TASK DESCRIPTION: Every line below needs to be printed again exactly, without any of its pictures.

DATA SECTION:
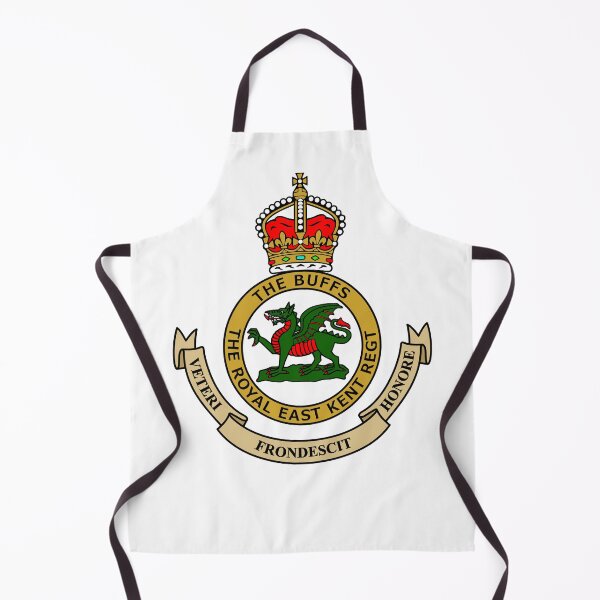 Item preview, The Buffs (The Royal East Kent Regiment) designed and sold by sirglennbo.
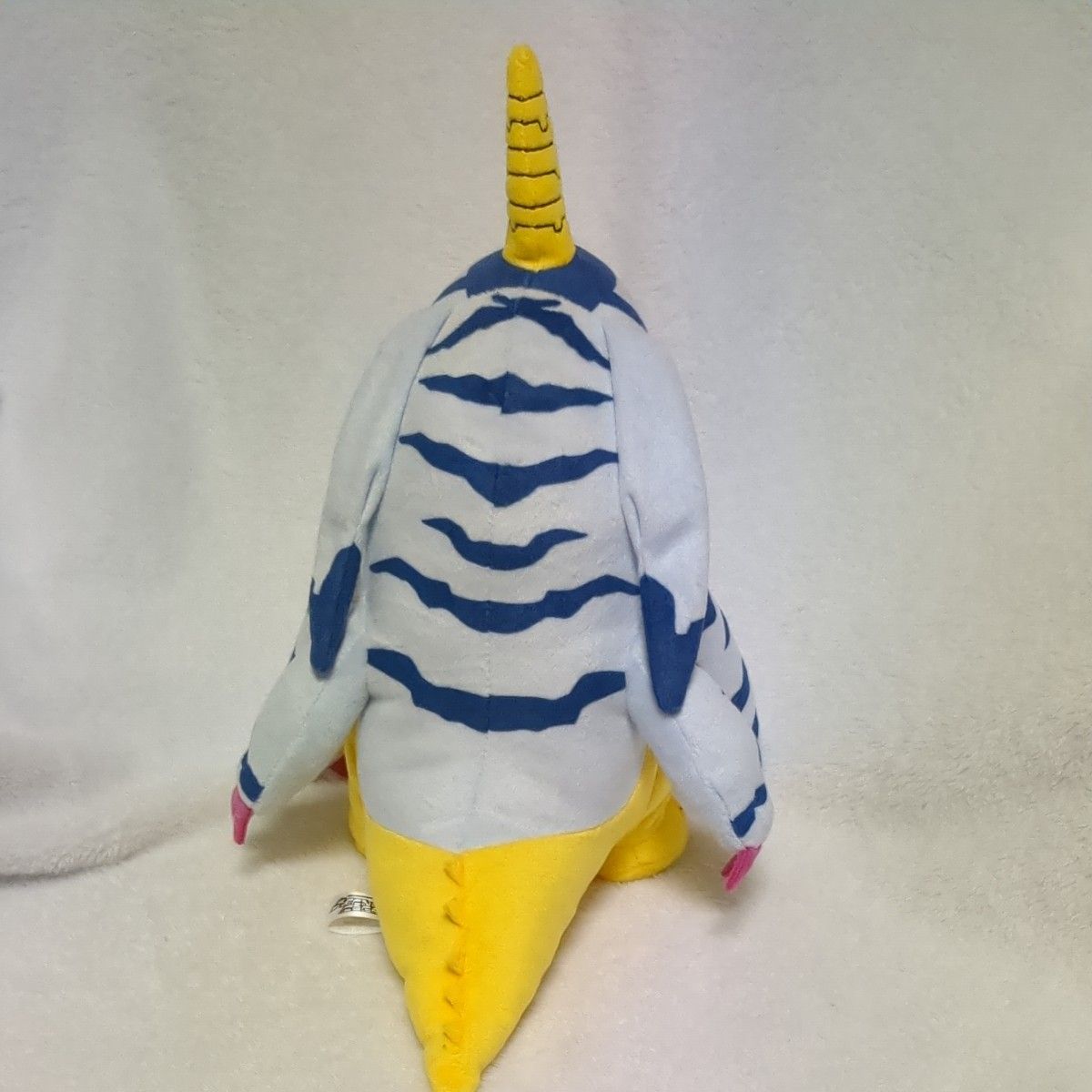 デジモンアドベンチャー ぬいぐるみ DG02 ガブモン(S)[三英貿易 デジモンアドベンチャー ぬいぐるみ DG02 ガブモン(S)[三英貿易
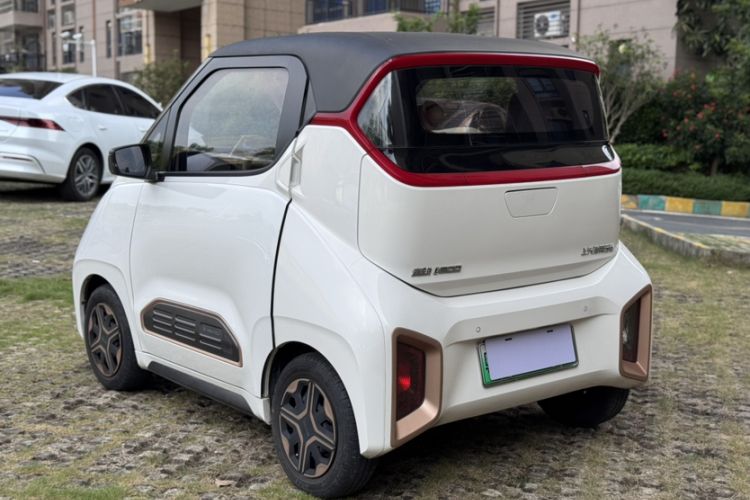Used Baojun E200 2020 305KM Smart Drive Version Exterior 3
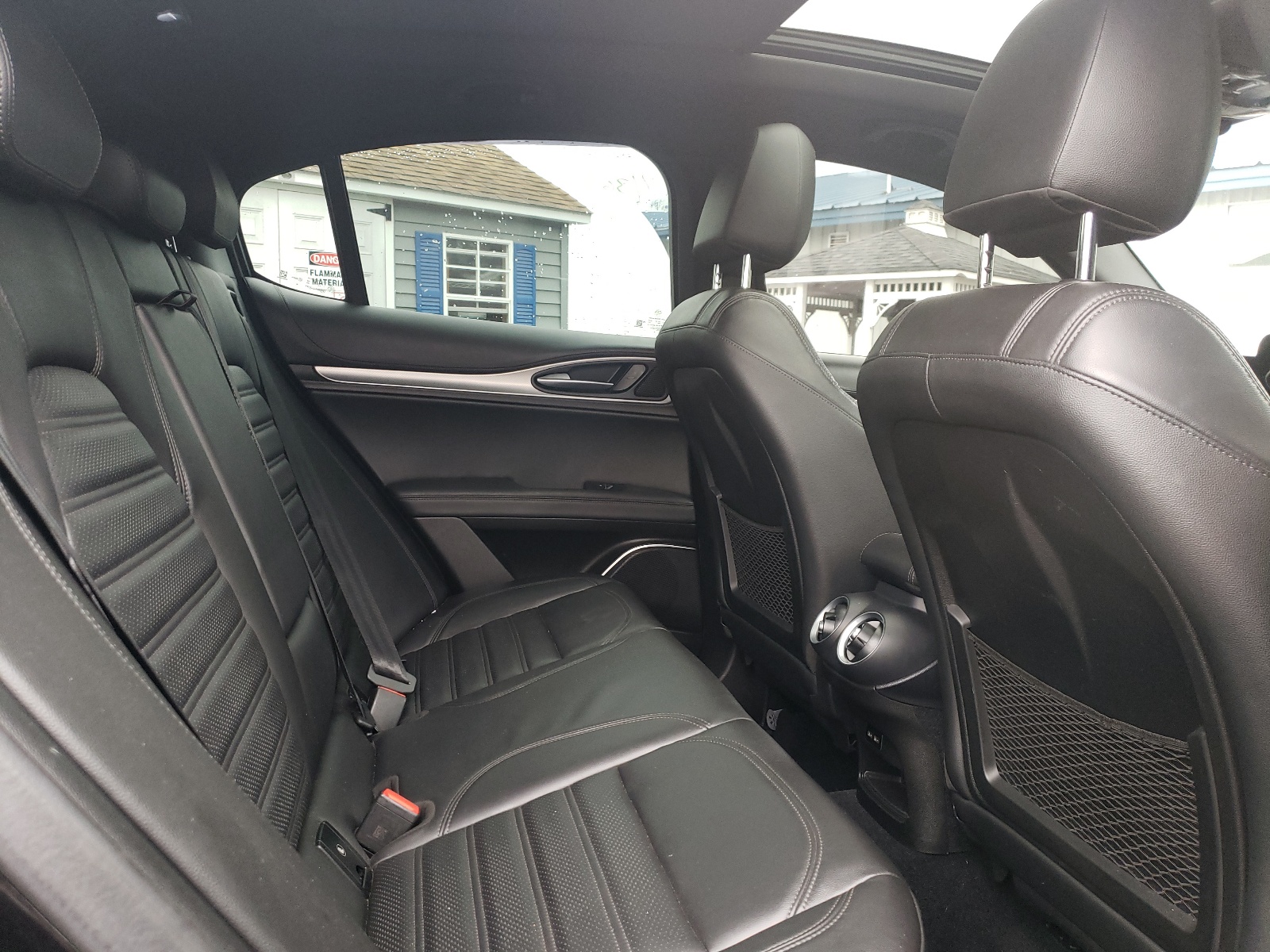 ZASPAKBN8K7C44206 2019 Alfa Romeo Stelvio Ti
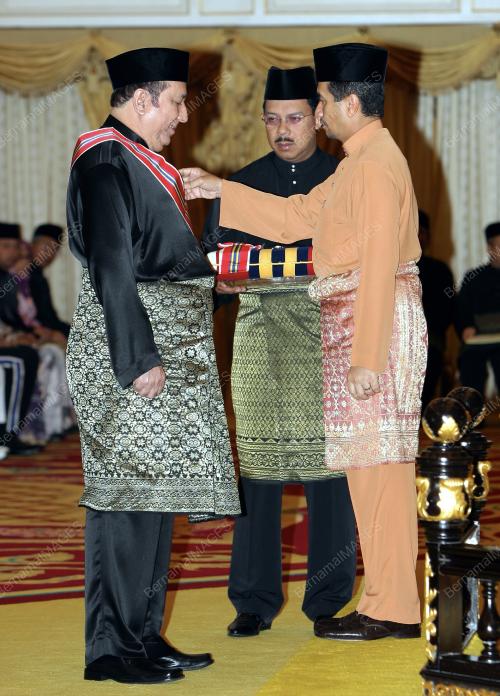 TUANKU MIZAN ZAINAL ABIDIN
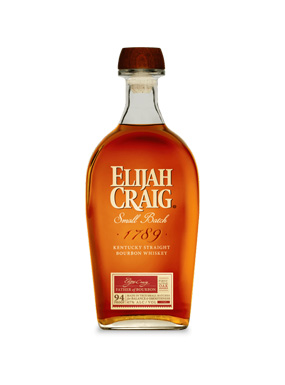 Elijah Craig Kentucky Straight Bourbon Small Batch 1.75L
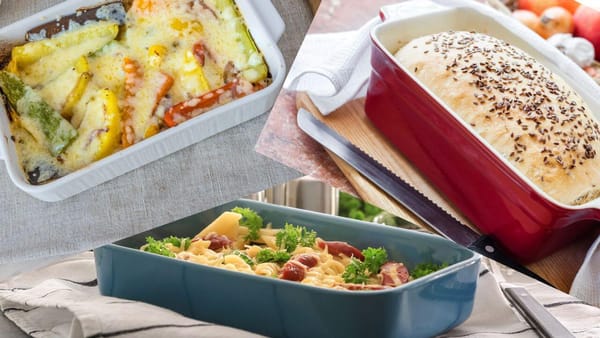The 5 Best Ceramic Baking Dishes That Will Make Your Oven Really Jealous!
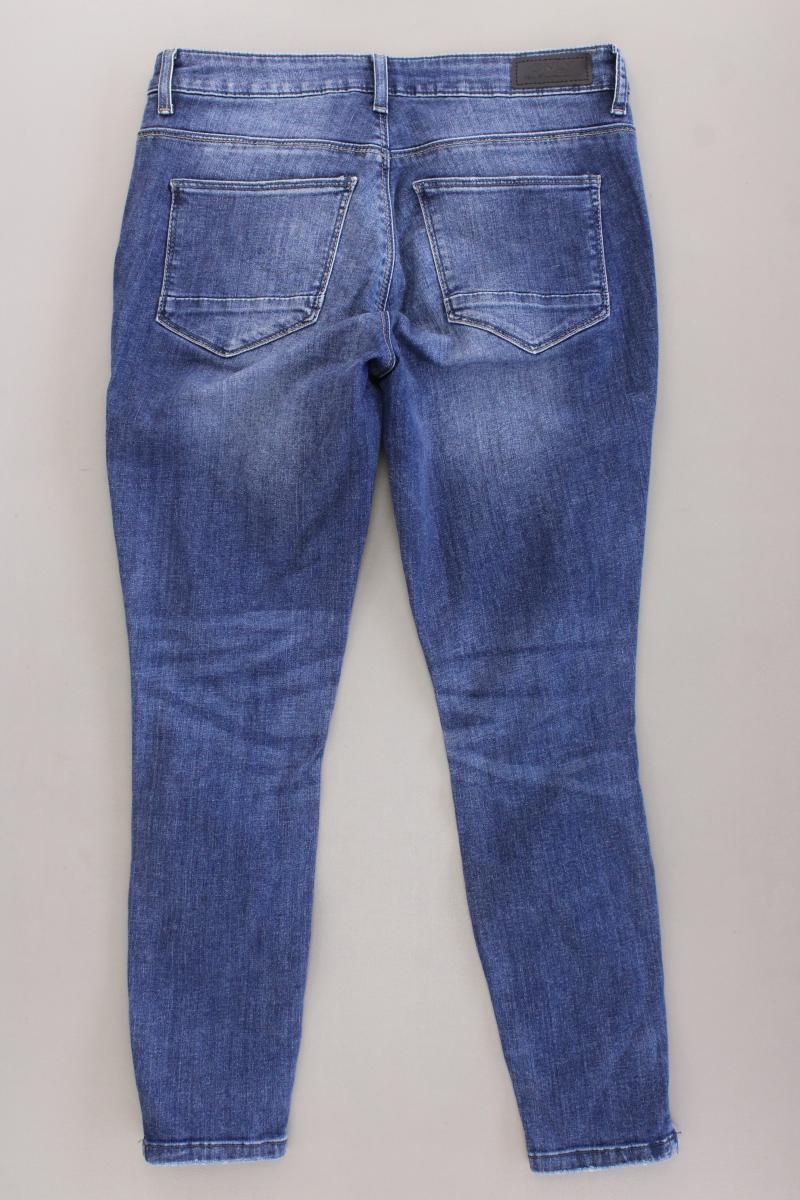Only Skinny Jeans Gr. W28/L30 blau aus Baumwolle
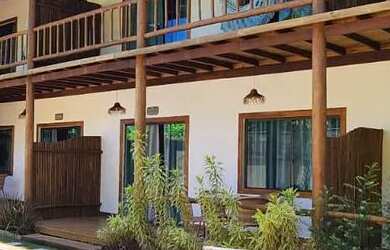 Imagem 10: Casa Dúplex em Condomínio fechado, Piscina, Hidro, Churrasq, Área Lazer em Taipu de Fora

SOLUTION FOR THIS PROBLEM:
 Item preview, The Buffs (The Royal East Kent Regiment) designed and sold by sirglennbo.
 デジモンアドベンチャー ぬいぐるみ DG02 ガブモン(S)[三英貿易 デジモンアドベンチャー ぬいぐるみ DG02 ガブモン(S)[三英貿易
Used Baojun E200 2020 305KM Smart Drive Version Exterior 3
 ZASPAKBN8K7C44206 2019 Alfa Romeo Stelvio Ti
 TUANKU MIZAN ZAINAL ABIDIN
 Elijah Craig Kentucky Straight Bourbon Small Batch 1.75L
The 5 Best Ceramic Baking Dishes That Will Make Your Oven Really Jealous!
Only Skinny Jeans Gr. W28/L30 blau aus Baumwolle
 Imagem 10: Casa Dúplex em Condomínio fechado, Piscina, Hidro, Churrasq, Área Lazer em Taipu de Fora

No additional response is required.